The core competition:
τ_structure = lifetime of dominant invariant structure
τ_alignment = minimum time for learner to stabilize gradient direction (∆W)
Empirically, a system is learnable only when τ_structure ≥ τ_alignment.
The formal biconditional — learnability if and only if the inequality holds — is the natural hypothesis, but what has been demonstrated is strong empirical sufficiency: every tested regime where τ_structure falls below τ_alignment produces convergence failure. The necessity direction (does τ_structure ≥ τ_alignment always suffice?) remains to be tested across other signal families and architectures.
τ_alignment approximates the minimum temporal horizon required for the learner's gradient updates to establish a consistent descent direction. It is not simply a function of learning rate — experiments varying LR across 0.0001–0.001 showed minimal change in τ_alignment, suggesting it is primarily an architectural property (memory length, depth) rather than a hyperparameter.
The ChaoticAnchor layers interact as follows:
- L1 (Chaos): Slow phase drift — trackable in isolation
- L2 (Adaptive chaos): Phase drift rate changes — harder but still learnable in isolation
- L3 (Private key): Basis switch at hidden intervals — destroys accumulated alignment
- L4 (Orthogonal jumps): Instantaneous frame change — resets the coordinate system entirely
The anchor controls τ_structure through:
tau_samples→ L1/L2 coherencekey_transition_interval→ L3 reset frequencyorthogonal_switch_prob→ L4 stochastic breaks
τ is a programmable parameter.

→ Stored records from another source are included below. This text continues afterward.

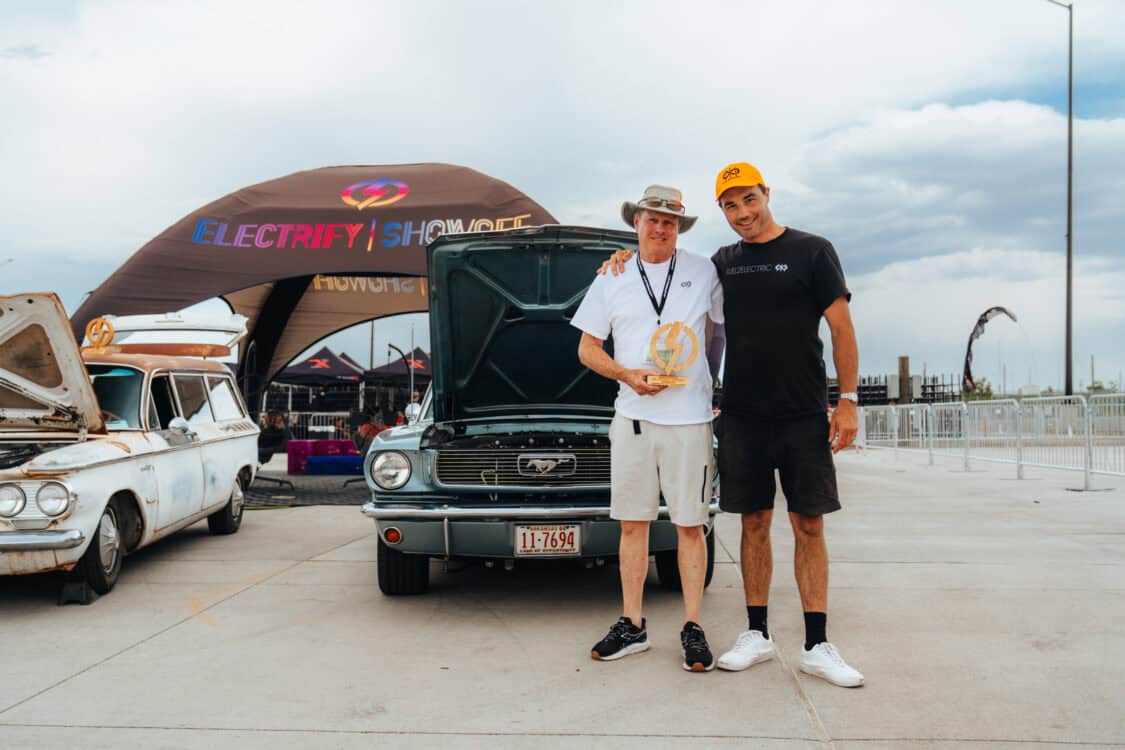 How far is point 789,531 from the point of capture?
843cm

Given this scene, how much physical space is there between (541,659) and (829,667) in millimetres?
1233

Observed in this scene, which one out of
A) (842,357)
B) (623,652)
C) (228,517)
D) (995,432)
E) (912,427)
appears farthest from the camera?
(912,427)

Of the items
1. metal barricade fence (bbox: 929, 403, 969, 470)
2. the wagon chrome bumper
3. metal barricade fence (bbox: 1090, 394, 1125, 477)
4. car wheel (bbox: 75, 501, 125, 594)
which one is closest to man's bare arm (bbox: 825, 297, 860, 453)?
the wagon chrome bumper

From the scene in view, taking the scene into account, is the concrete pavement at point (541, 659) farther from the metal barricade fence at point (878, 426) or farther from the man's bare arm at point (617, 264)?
the metal barricade fence at point (878, 426)

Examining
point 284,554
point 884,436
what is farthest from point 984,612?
point 884,436

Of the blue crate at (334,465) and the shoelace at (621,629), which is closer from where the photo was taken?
the shoelace at (621,629)

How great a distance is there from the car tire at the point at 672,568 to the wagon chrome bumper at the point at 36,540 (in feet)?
10.7

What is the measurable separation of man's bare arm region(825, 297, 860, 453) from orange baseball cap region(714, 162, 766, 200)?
61cm

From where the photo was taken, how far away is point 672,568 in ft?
18.5

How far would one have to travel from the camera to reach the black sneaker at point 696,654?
3957 millimetres

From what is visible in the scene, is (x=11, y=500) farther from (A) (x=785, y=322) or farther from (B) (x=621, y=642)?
(A) (x=785, y=322)

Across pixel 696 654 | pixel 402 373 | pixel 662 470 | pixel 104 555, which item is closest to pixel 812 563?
pixel 696 654

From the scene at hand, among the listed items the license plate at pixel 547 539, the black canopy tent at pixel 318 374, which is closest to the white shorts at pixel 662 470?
the license plate at pixel 547 539

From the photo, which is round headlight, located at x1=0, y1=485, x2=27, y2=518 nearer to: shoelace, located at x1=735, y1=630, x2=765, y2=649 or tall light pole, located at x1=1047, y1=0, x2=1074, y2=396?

The system doesn't fail randomly — it is designed to enforce dB/dt > τ_alignment.
From BoundaryProbe.py with the corrected EigenDriftTracker:
| Anchor speed | τ_structure @0.5 | Spectral gap | Late SINR |
|---|---|---|---|
| slow | 411 samples | ~4.0 | -0.32 dB |
| normal | 53 samples | ~3.3 | -0.71 dB |
| fast | 18 samples | ~3.4 | -1.30 dB |
Key observations:
- Structure exists in all cases (gap > 3 in all runs — not annihilation)
- τ_structure drops monotonically and controllably
- SINR tracks τ_structure, not model capacity
- τ_learning remains near zero at 0.7 threshold in all cases — the learner never achieves stable directional alignment
The LR sweep (varying learning rate, fixed anchor = normal) showed no meaningful recovery, confirming that τ_alignment is an architectural property, not just a hyperparameter.
Early formulation (too simple):
τ_structure < τ_learning → failure
Correct version (grounded in results):
Learnability emerges only when the persistence of invariant structure exceeds the time required for directional alignment of the learning updates.
Or shorter:
Learning is bounded by the lifetime of exploitable structure.
This framework reframes several standard problems:
- Catastrophic forgetting: not an overwriting problem, but a basis-instability problem where τ_structure of old tasks falls below τ_alignment
- Non-stationary learning: the failure mode is not distribution shift per se, but the rate at which invariant structure changes relative to the learner's adaptation horizon
- Adversarial robustness: the most effective adversaries don't increase complexity — they decrease τ_structure
These implications are hypothesized extensions. The principle is currently validated on one signal family (chaotic anchor with logistic-map phase modulation) and one learner class (online MLP with backprop). Whether τ_structure ≥ τ_alignment governs learnability in other non-stationary systems — recurrent learners, transformers, different signal families — is an open question, not a confirmed result.
The key upgrade to standard practice:
Instead of asking "is this signal learnable?", ask "what is τ_structure, and does it exceed τ_alignment for our learner?" This reframes learnability from a binary property of the signal to a relative property between signal coherence and learner dynamics.